- **DIRECTIONS**: All of the entries below should be copied exactly as they appear.

── GIVEN ENTRIES ──

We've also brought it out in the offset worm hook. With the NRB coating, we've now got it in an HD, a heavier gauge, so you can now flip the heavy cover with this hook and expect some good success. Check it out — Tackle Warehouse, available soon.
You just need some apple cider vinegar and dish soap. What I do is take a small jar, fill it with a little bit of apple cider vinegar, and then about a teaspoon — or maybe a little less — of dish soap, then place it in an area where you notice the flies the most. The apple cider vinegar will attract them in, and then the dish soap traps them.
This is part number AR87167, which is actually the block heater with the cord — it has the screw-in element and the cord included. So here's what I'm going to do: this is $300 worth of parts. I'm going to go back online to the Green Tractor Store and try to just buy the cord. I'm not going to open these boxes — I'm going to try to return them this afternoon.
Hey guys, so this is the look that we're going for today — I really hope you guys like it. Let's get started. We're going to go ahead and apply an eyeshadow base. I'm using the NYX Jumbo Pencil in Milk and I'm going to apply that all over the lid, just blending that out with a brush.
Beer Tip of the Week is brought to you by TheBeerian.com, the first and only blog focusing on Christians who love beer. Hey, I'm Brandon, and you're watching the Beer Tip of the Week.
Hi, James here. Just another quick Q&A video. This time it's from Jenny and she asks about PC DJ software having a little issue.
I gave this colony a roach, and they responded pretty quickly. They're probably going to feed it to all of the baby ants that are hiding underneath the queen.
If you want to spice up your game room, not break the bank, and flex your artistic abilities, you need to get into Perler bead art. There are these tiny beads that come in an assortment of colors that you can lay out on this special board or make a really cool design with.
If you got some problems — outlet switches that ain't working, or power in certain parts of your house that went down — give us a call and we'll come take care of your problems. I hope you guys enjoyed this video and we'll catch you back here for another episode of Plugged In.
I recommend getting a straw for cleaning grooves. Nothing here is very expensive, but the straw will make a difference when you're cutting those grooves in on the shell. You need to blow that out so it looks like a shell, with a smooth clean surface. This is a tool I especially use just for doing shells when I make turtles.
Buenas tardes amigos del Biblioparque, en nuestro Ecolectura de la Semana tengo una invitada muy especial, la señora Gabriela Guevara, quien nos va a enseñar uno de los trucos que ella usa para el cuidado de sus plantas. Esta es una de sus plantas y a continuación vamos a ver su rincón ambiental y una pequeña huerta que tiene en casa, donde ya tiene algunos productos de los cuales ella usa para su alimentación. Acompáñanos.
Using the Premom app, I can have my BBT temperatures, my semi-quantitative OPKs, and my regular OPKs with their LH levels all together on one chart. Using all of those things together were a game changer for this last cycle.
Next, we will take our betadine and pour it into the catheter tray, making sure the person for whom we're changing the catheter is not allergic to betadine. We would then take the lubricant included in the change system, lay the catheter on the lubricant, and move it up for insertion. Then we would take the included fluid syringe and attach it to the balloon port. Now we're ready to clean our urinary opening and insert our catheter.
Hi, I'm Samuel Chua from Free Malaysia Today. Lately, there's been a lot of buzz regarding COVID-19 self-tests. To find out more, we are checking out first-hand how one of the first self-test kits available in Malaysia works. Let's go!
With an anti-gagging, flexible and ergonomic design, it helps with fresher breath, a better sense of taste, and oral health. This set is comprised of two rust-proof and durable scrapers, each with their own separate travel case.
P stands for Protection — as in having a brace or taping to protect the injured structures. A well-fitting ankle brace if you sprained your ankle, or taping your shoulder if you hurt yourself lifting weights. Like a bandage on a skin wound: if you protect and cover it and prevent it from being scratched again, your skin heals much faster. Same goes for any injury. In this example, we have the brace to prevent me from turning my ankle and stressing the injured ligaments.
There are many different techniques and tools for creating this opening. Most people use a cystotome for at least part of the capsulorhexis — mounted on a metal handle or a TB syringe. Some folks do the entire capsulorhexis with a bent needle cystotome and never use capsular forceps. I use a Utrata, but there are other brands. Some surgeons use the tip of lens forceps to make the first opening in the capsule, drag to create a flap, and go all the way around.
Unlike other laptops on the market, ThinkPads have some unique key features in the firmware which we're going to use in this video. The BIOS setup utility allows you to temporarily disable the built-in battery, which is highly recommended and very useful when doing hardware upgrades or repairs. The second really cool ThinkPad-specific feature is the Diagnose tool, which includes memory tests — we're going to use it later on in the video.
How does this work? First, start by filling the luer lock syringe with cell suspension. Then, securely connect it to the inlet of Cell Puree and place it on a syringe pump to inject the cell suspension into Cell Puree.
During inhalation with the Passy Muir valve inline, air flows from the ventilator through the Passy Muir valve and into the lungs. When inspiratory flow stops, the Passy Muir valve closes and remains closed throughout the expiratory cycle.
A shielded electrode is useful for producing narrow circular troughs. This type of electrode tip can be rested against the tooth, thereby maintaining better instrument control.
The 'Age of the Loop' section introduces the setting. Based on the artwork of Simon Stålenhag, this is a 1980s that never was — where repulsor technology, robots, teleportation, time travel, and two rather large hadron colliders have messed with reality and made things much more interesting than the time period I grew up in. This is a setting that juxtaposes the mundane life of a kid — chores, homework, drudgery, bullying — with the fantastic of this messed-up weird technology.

───

- **SOLUTION**:
We've also brought it out in the offset worm hook. With the NRB coating, we've now got it in an HD, a heavier gauge, so you can now flip the heavy cover with this hook and expect some good success. Check it out — Tackle Warehouse, available soon.
You just need some apple cider vinegar and dish soap. What I do is take a small jar, fill it with a little bit of apple cider vinegar, and then about a teaspoon — or maybe a little less — of dish soap, then place it in an area where you notice the flies the most. The apple cider vinegar will attract them in, and then the dish soap traps them.
This is part number AR87167, which is actually the block heater with the cord — it has the screw-in element and the cord included. So here's what I'm going to do: this is $300 worth of parts. I'm going to go back online to the Green Tractor Store and try to just buy the cord. I'm not going to open these boxes — I'm going to try to return them this afternoon.
Hey guys, so this is the look that we're going for today — I really hope you guys like it. Let's get started. We're going to go ahead and apply an eyeshadow base. I'm using the NYX Jumbo Pencil in Milk and I'm going to apply that all over the lid, just blending that out with a brush.
Beer Tip of the Week is brought to you by TheBeerian.com, the first and only blog focusing on Christians who love beer. Hey, I'm Brandon, and you're watching the Beer Tip of the Week.
Hi, James here. Just another quick Q&A video. This time it's from Jenny and she asks about PC DJ software having a little issue.
I gave this colony a roach, and they responded pretty quickly. They're probably going to feed it to all of the baby ants that are hiding underneath the queen.
If you want to spice up your game room, not break the bank, and flex your artistic abilities, you need to get into Perler bead art. There are these tiny beads that come in an assortment of colors that you can lay out on this special board or make a really cool design with.
If you got some problems — outlet switches that ain't working, or power in certain parts of your house that went down — give us a call and we'll come take care of your problems. I hope you guys enjoyed this video and we'll catch you back here for another episode of Plugged In.
I recommend getting a straw for cleaning grooves. Nothing here is very expensive, but the straw will make a difference when you're cutting those grooves in on the shell. You need to blow that out so it looks like a shell, with a smooth clean surface. This is a tool I especially use just for doing shells when I make turtles.
Buenas tardes amigos del Biblioparque, en nuestro Ecolectura de la Semana tengo una invitada muy especial, la señora Gabriela Guevara, quien nos va a enseñar uno de los trucos que ella usa para el cuidado de sus plantas. Esta es una de sus plantas y a continuación vamos a ver su rincón ambiental y una pequeña huerta que tiene en casa, donde ya tiene algunos productos de los cuales ella usa para su alimentación. Acompáñanos.
Using the Premom app, I can have my BBT temperatures, my semi-quantitative OPKs, and my regular OPKs with their LH levels all together on one chart. Using all of those things together were a game changer for this last cycle.
Next, we will take our betadine and pour it into the catheter tray, making sure the person for whom we're changing the catheter is not allergic to betadine. We would then take the lubricant included in the change system, lay the catheter on the lubricant, and move it up for insertion. Then we would take the included fluid syringe and attach it to the balloon port. Now we're ready to clean our urinary opening and insert our catheter.
Hi, I'm Samuel Chua from Free Malaysia Today. Lately, there's been a lot of buzz regarding COVID-19 self-tests. To find out more, we are checking out first-hand how one of the first self-test kits available in Malaysia works. Let's go!
With an anti-gagging, flexible and ergonomic design, it helps with fresher breath, a better sense of taste, and oral health. This set is comprised of two rust-proof and durable scrapers, each with their own separate travel case.
P stands for Protection — as in having a brace or taping to protect the injured structures. A well-fitting ankle brace if you sprained your ankle, or taping your shoulder if you hurt yourself lifting weights. Like a bandage on a skin wound: if you protect and cover it and prevent it from being scratched again, your skin heals much faster. Same goes for any injury. In this example, we have the brace to prevent me from turning my ankle and stressing the injured ligaments.
There are many different techniques and tools for creating this opening. Most people use a cystotome for at least part of the capsulorhexis — mounted on a metal handle or a TB syringe. Some folks do the entire capsulorhexis with a bent needle cystotome and never use capsular forceps. I use a Utrata, but there are other brands. Some surgeons use the tip of lens forceps to make the first opening in the capsule, drag to create a flap, and go all the way around.
Unlike other laptops on the market, ThinkPads have some unique key features in the firmware which we're going to use in this video. The BIOS setup utility allows you to temporarily disable the built-in battery, which is highly recommended and very useful when doing hardware upgrades or repairs. The second really cool ThinkPad-specific feature is the Diagnose tool, which includes memory tests — we're going to use it later on in the video.
How does this work? First, start by filling the luer lock syringe with cell suspension. Then, securely connect it to the inlet of Cell Puree and place it on a syringe pump to inject the cell suspension into Cell Puree.
During inhalation with the Passy Muir valve inline, air flows from the ventilator through the Passy Muir valve and into the lungs. When inspiratory flow stops, the Passy Muir valve closes and remains closed throughout the expiratory cycle.
A shielded electrode is useful for producing narrow circular troughs. This type of electrode tip can be rested against the tooth, thereby maintaining better instrument control.
The 'Age of the Loop' section introduces the setting. Based on the artwork of Simon Stålenhag, this is a 1980s that never was — where repulsor technology, robots, teleportation, time travel, and two rather large hadron colliders have messed with reality and made things much more interesting than the time period I grew up in. This is a setting that juxtaposes the mundane life of a kid — chores, homework, drudgery, bullying — with the fantastic of this messed-up weird technology.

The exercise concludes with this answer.